"""
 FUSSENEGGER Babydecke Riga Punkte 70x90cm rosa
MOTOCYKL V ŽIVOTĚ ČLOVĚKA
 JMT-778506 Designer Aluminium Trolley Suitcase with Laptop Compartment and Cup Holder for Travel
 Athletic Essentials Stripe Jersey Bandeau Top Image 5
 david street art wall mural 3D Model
"""
"""
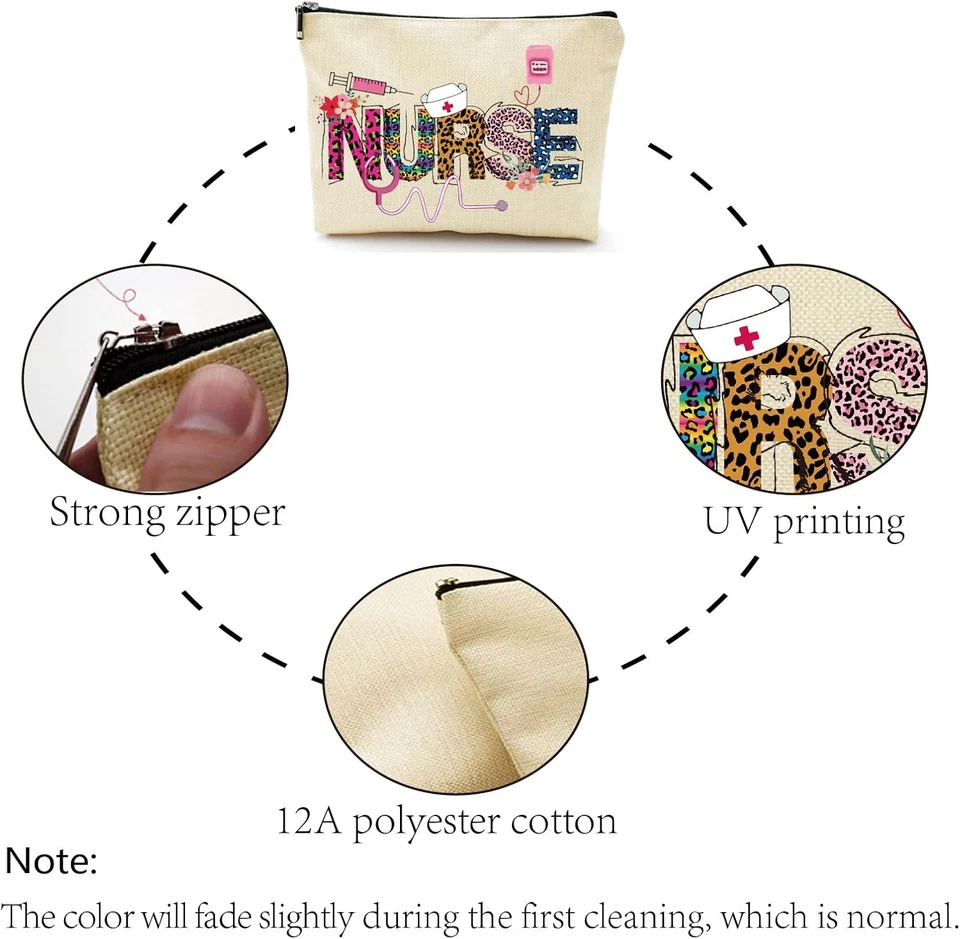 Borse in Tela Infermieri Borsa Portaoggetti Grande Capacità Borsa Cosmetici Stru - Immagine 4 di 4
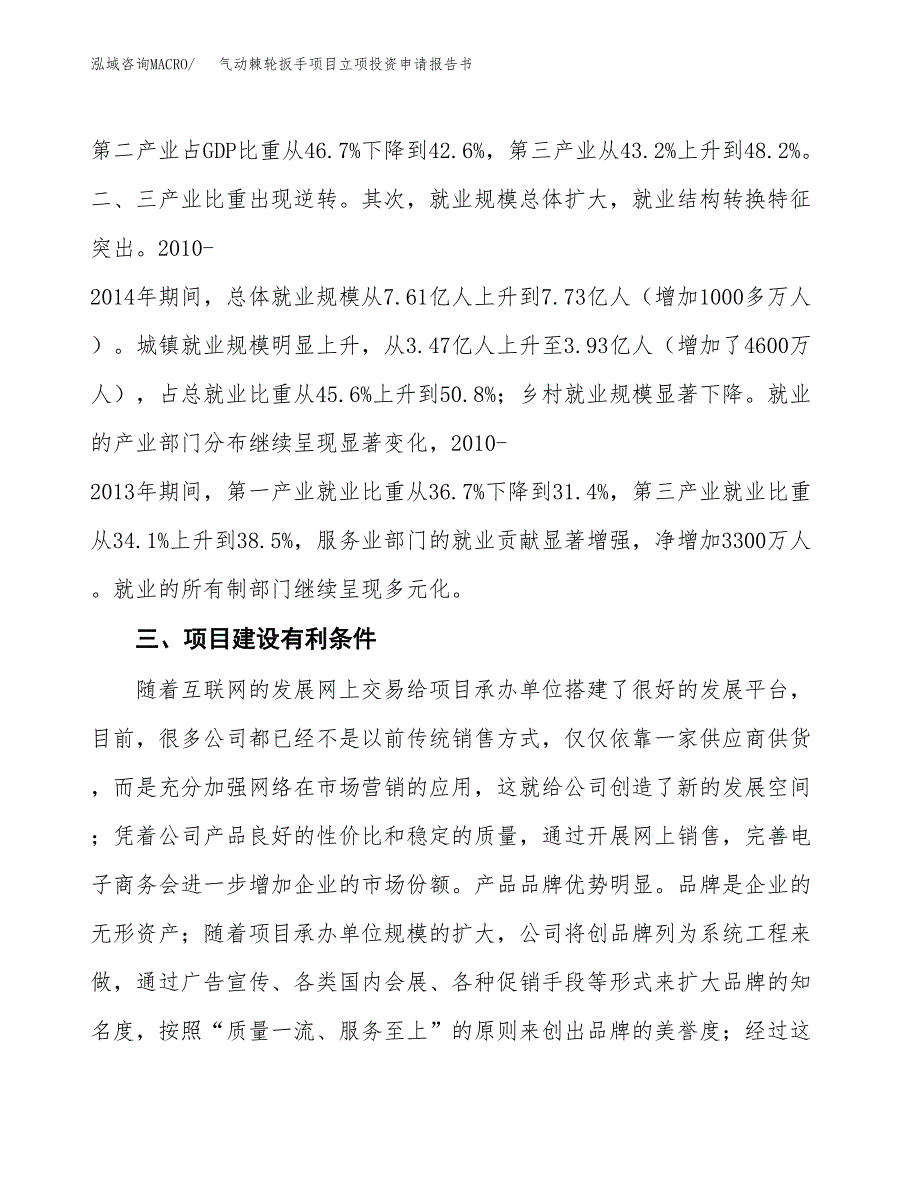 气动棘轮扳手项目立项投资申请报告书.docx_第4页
"""
■ **WHAT TO WORK ON**: In the listing above, find the line with "FUSSENEGGER Babydecke Riga" and the line with "david street art wall mural 3D Model", then reproduce both and every line between them exactly.

■ **RESPONSE TO THE TASK**:
 FUSSENEGGER Babydecke Riga Punkte 70x90cm rosa
MOTOCYKL V ŽIVOTĚ ČLOVĚKA
 JMT-778506 Designer Aluminium Trolley Suitcase with Laptop Compartment and Cup Holder for Travel
 Athletic Essentials Stripe Jersey Bandeau Top Image 5
 david street art wall mural 3D Model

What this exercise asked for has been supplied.